By integrating data on small proteins from the literature, MS data and ribosome profiling data, SmProt provides an easy access to unbiased and comprehensive sets of small proteins derived from eight species. Compared with the existing small protein database, sORFs.org [36], which is a repository of small open reading frames (sORFs) identified by ribosome profiling, and only harbours sORFs calculated from ribosome profiling data in three cell lines, SmProt database excels in the following aspects: (i) Multiple lines of data sources. SmProt not only collected small proteins that have been computationally predicted from ribosome profiling data but also manually curated information from the scientific literature and known databases. Small protein loci were also predicted based on MS data obtained from public databases or generated experimentally in our laboratory. (ii) Substantially expanded data volumes. The current release of SmProt incorporates small proteins computationally or experimentally identified in 291 cell types and tissues derived from eight species.

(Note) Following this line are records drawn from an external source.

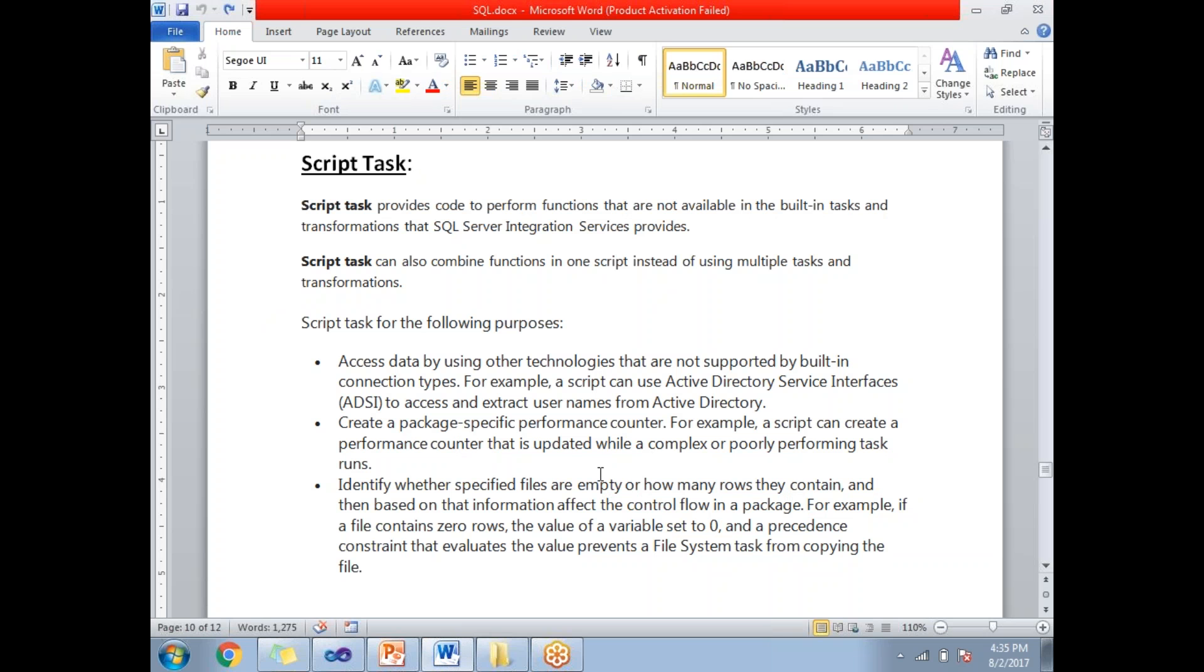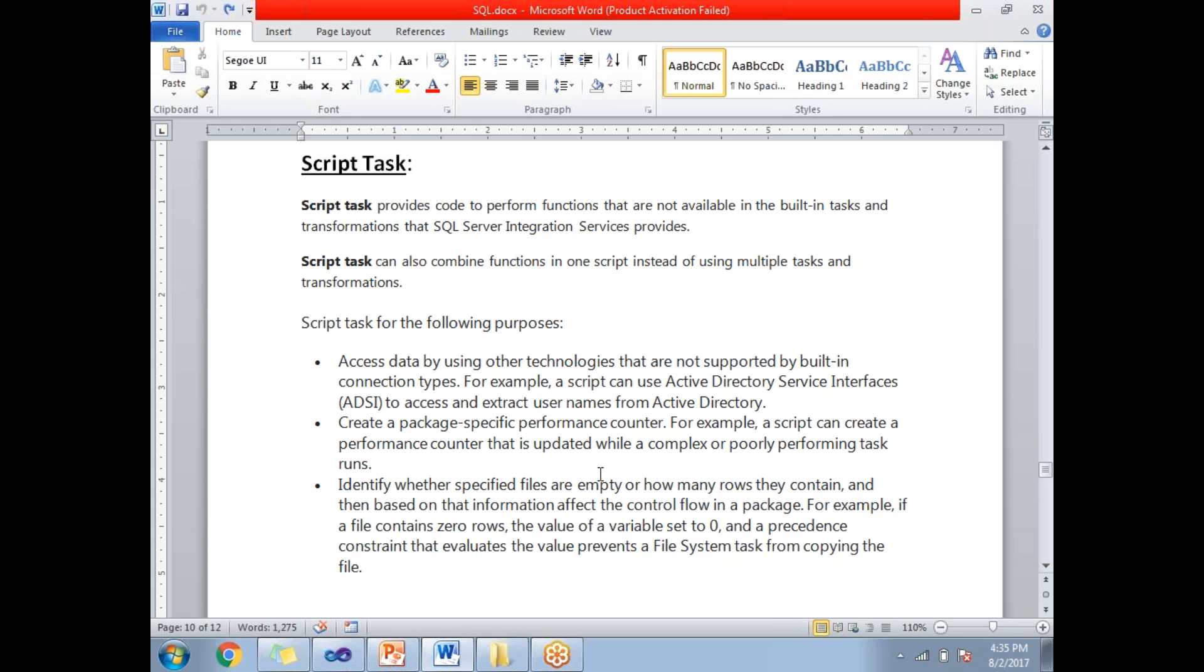Third scenario: I have a file which I need to load data from to a destination based on the record count in the file. I need to take a decision. In these three scenarios I need to write .NET code because by default SSIS does not support these scenarios.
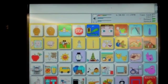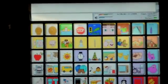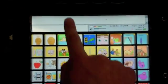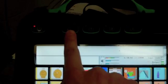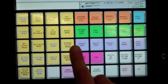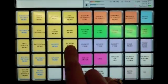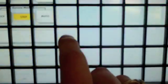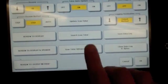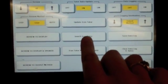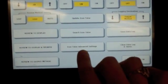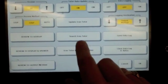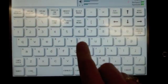The other way in which you can do that is by going through the settings. So if you go up here, if it's not locked, and then from there you go review vocabulary menu. There's update icon tutor, search icon tutor, or icon tutor advanced setting. I'm going to go ahead and go to search icon tutor.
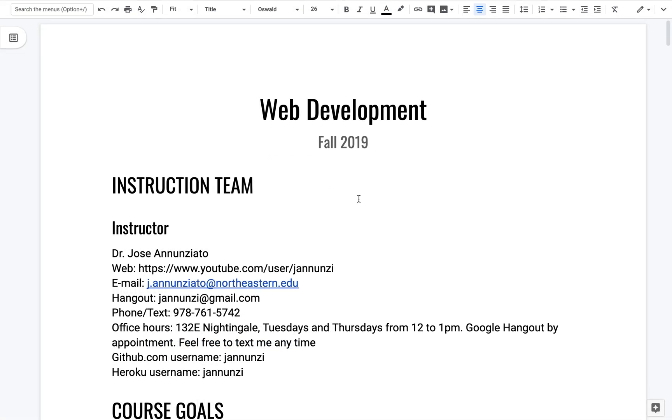Jose Anunciato. This is my contact information. Also, here's my personal phone number. Feel free to text me. Please don't share it, but don't hesitate to call me or text me.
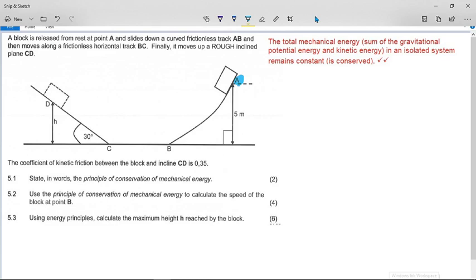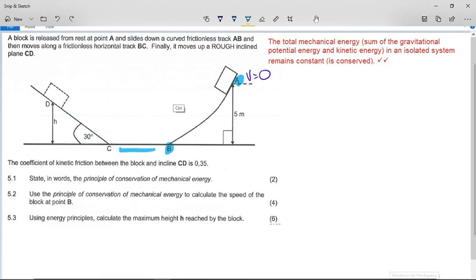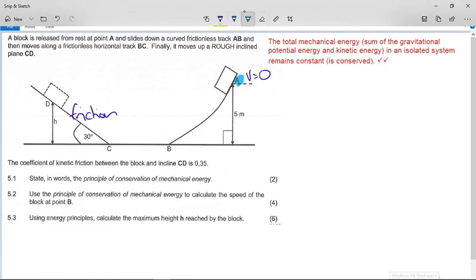A block is released from rest at point A, so its velocity is zero. It slides down a curved frictionless track AB, then moves along a horizontal track BC, and then goes up a rough inclined plane CD. We know there is friction on the incline and no friction on the other sections. The coefficient of kinetic friction between the block and the incline CD is 0.35, so μk = 0.35.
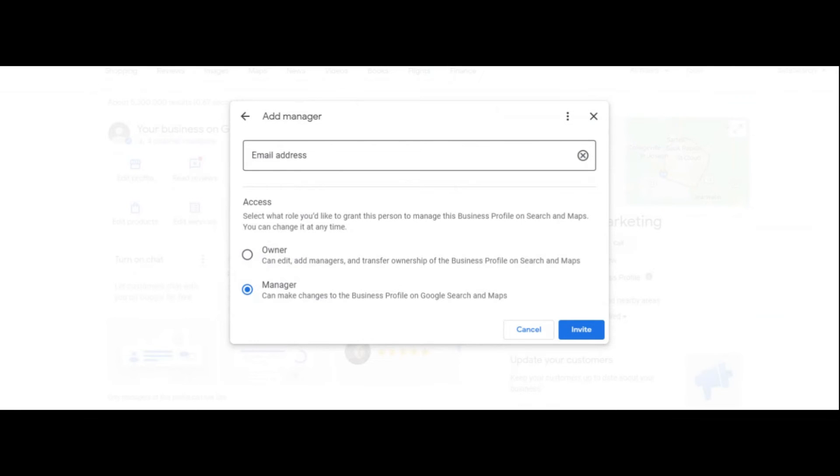And then once you paste the email address in there, all you have to do is click Invite. And then the person, like myself as a marketing agency, is going to go in there and just start working on stuff. It's as simple as that.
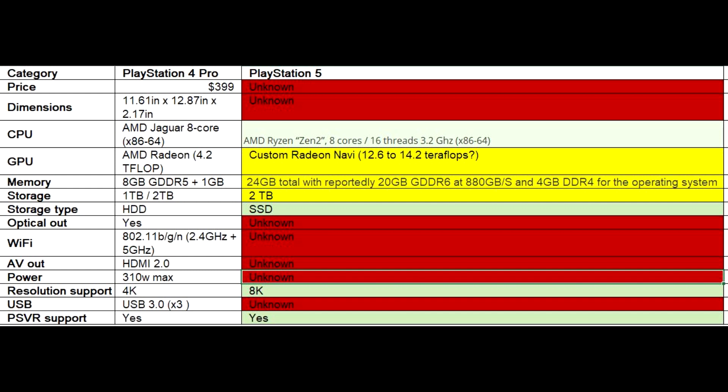We don't know if it has an HDMI output, but probably again it will have. We don't know the power, but we do know that the resolution will support 8K and that no games released for the PlayStation 5 will be under a 4K resolution.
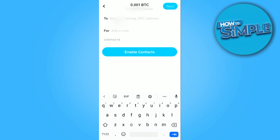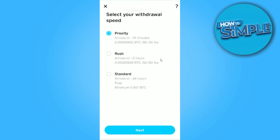After that, simply click the Next button on the top right corner. There are three options: one is 'Arrives in 10 minutes' which has a fee of about $0.34; the second option is 'Rush' which arrives in about two hours. I don't want to pay any fee, so I will go for the option at the bottom and simply click the Next button.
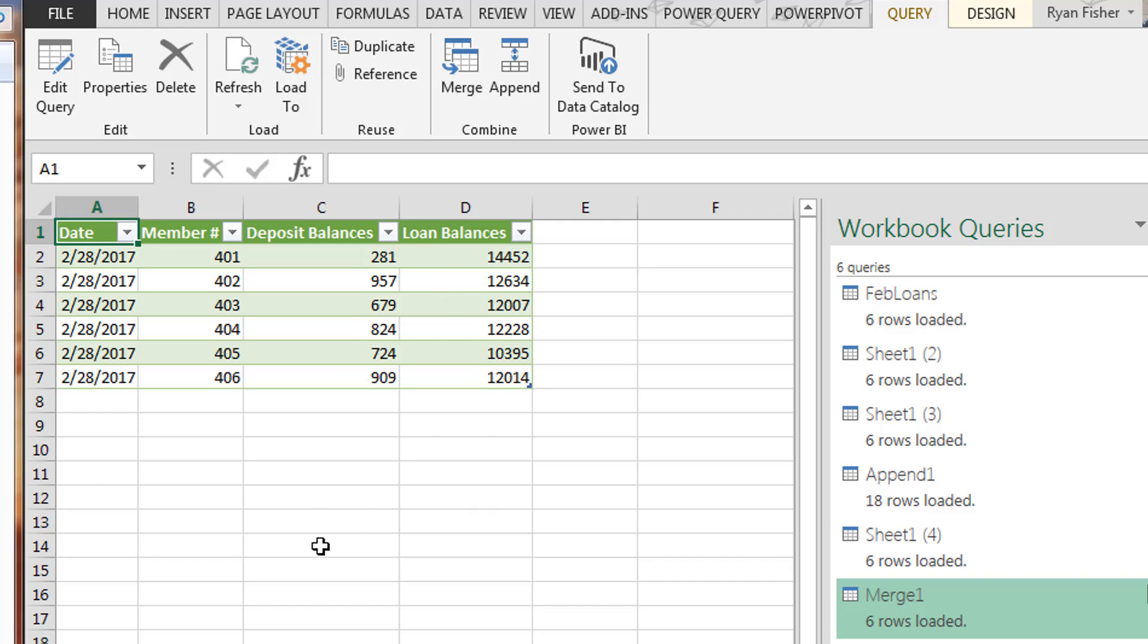That's all we wanted to show you today. I think we've accomplished that. We showed you the merge. We showed you the append. Hopefully you liked that and we'll see you at the next video.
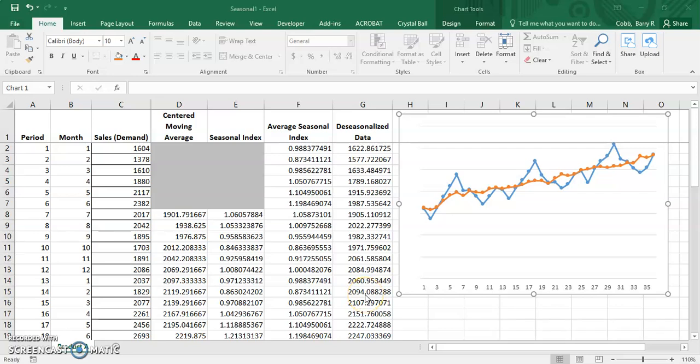The graph on the screen shows a seasonal demand pattern for a product over a three-year period. This is represented by the blue line. The orange line shows the same data with the seasonal pattern removed. This is called the de-seasonalized data.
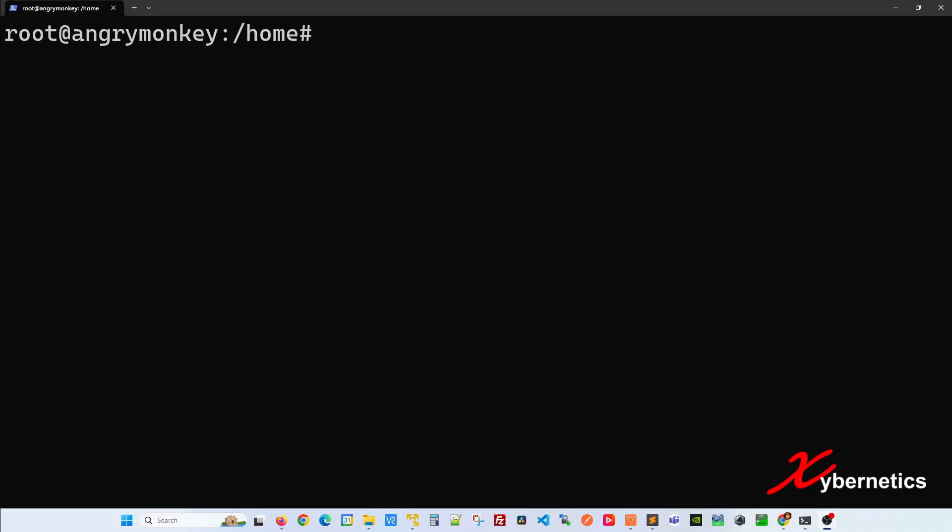Have you ever wondered what the difference is between single-quote and double-quote on your Linux bash command? Let me give you an example.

In comparison, sORFs.org used only ribosome profiling data from three cell lines from three species. (iii) A more stringent data analysis approach, yielding more reliable prediction results. In SmProt, we used the RiboTaper (published in Nature Methods in 2016) to identify translated regions on the basis of the characteristic three-nucleotide periodicity of the Ribo-seq data. (iv) Comprehensive annotation of all small proteins. Basic information about each small protein as well as more specific and source-dependent information is made easily available. SmProt provides up to 28 pieces of information for each small protein, which helps users to better evaluate the search results. (v) Multiple options for keyword searches. To facilitate data extraction, SmProt provides multiple search options, including species, genome location, gene name, cell type/tissue and ORF Type. Moreover, SmProt allows users to search by gene symbol, ENSEMBLID, RefSeq ID and NONCODE ID. In contrast, sORFs.org only allows users to search by ENSEMBL ID in the gene term. (vi) SmProt provides a user-friendly website, incorporating a service for BLAST alignment search and integrating a local UCSC genome browser for the visualization of the small protein genomic locations.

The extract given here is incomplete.